▸ **Problem to solve**
Restate each entry exactly, without pictures.

BEGIN Extracted information

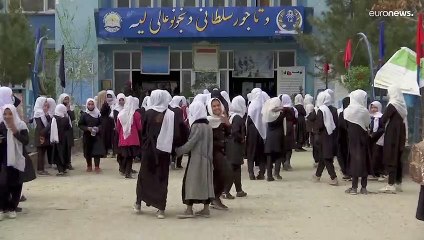 Schulverbot für afghanische Mädchen: „Die Taliban haben Angst vor gebildeten Frauen"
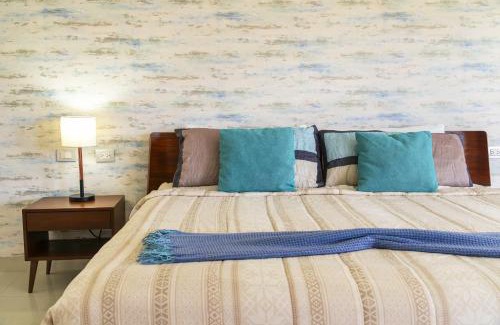 Puerto Juarez Casa | Luxury 2 BR Condo with tub & Infinity Pool - Beach Side At Mareazul - Sirenita G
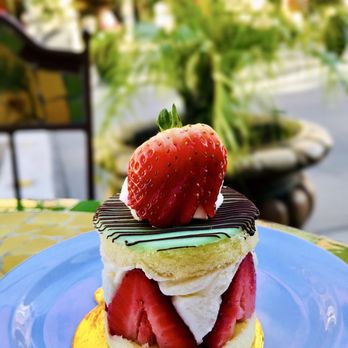 Cocola Bakery - Strawberry Cake - Bakeries Near Me - San Jose, California Cocola Bakery - Strawberry Cake - Bakeries Near Me - San Jose, California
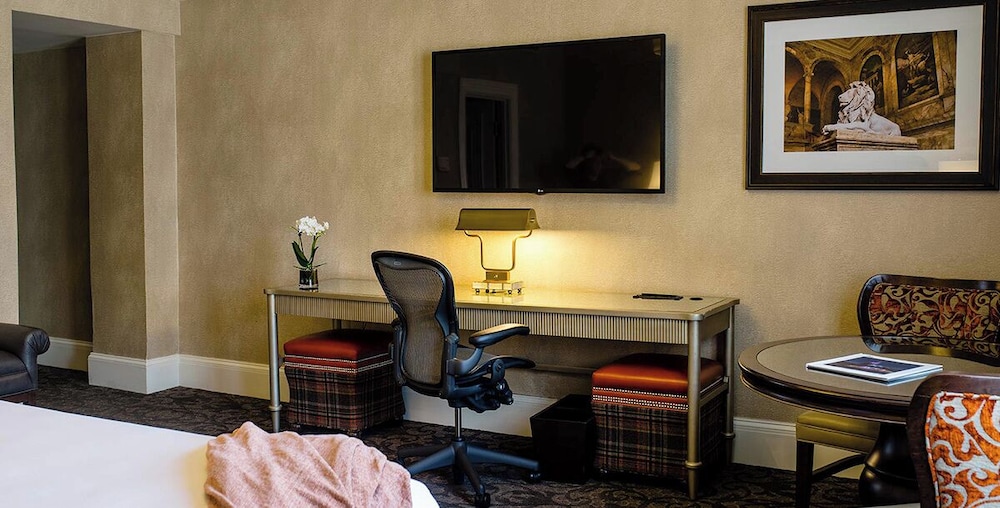 Superior Room, 1 King Bed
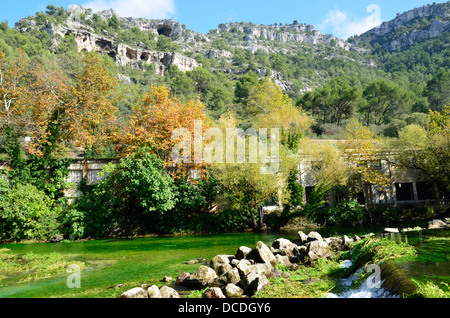 Fontaine-de-Vaucluse eine Kommune in der Vaucluse, Provence-Alpes-Côte d ' Azur, Südosten Frankreichs. Stockfoto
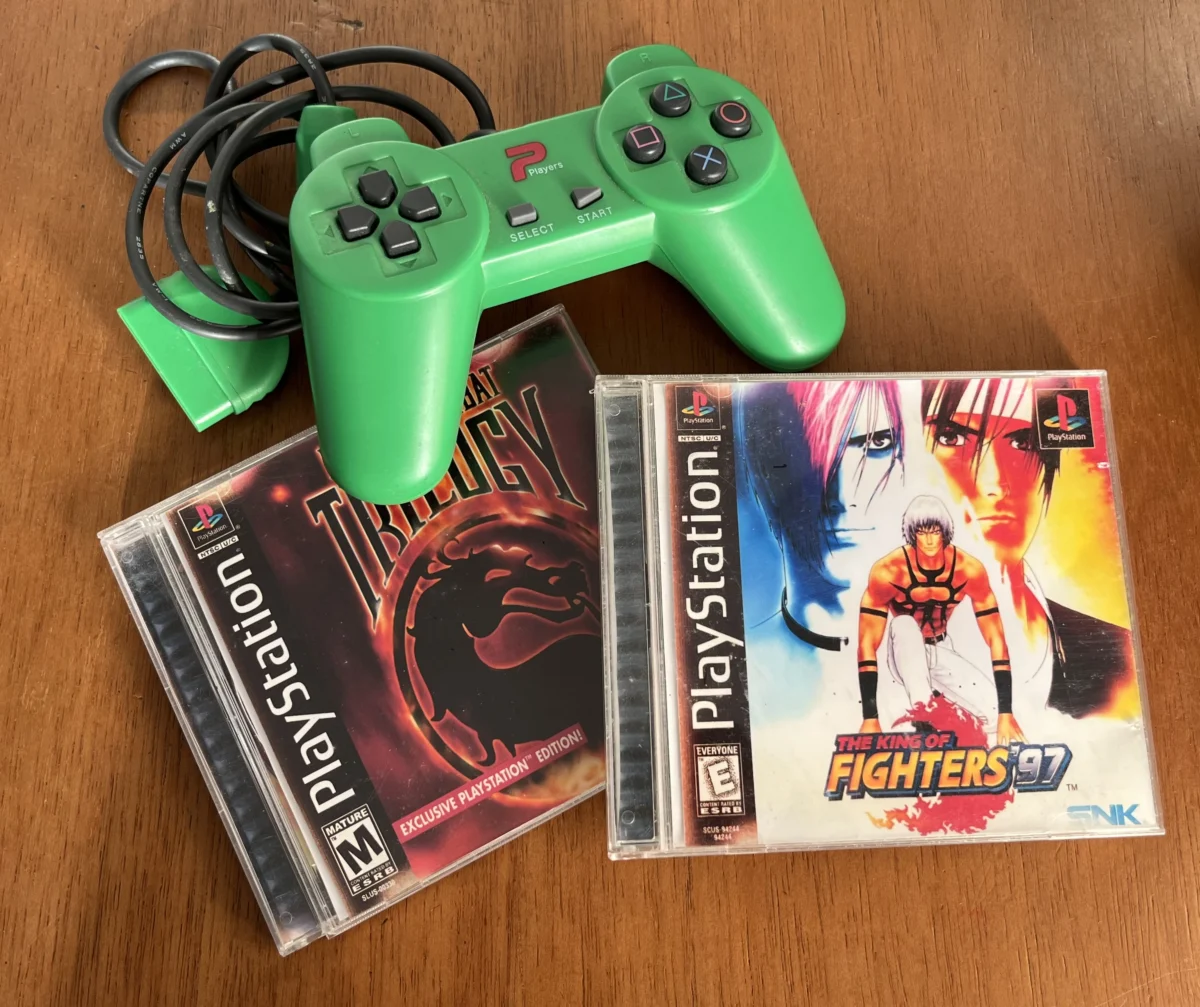 CX/ R****to B****ra C****ho /LOTE! CONTROLE E JOGOS! 57,00 SEGUIDOS DE 10,00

END Extracted information

▸ **Response area**
 Schulverbot für afghanische Mädchen: „Die Taliban haben Angst vor gebildeten Frauen"
 Puerto Juarez Casa | Luxury 2 BR Condo with tub & Infinity Pool - Beach Side At Mareazul - Sirenita G
 Cocola Bakery - Strawberry Cake - Bakeries Near Me - San Jose, California Cocola Bakery - Strawberry Cake - Bakeries Near Me - San Jose, California
 Superior Room, 1 King Bed
 Fontaine-de-Vaucluse eine Kommune in der Vaucluse, Provence-Alpes-Côte d ' Azur, Südosten Frankreichs. Stockfoto
 CX/ R****to B****ra C****ho /LOTE! CONTROLE E JOGOS! 57,00 SEGUIDOS DE 10,00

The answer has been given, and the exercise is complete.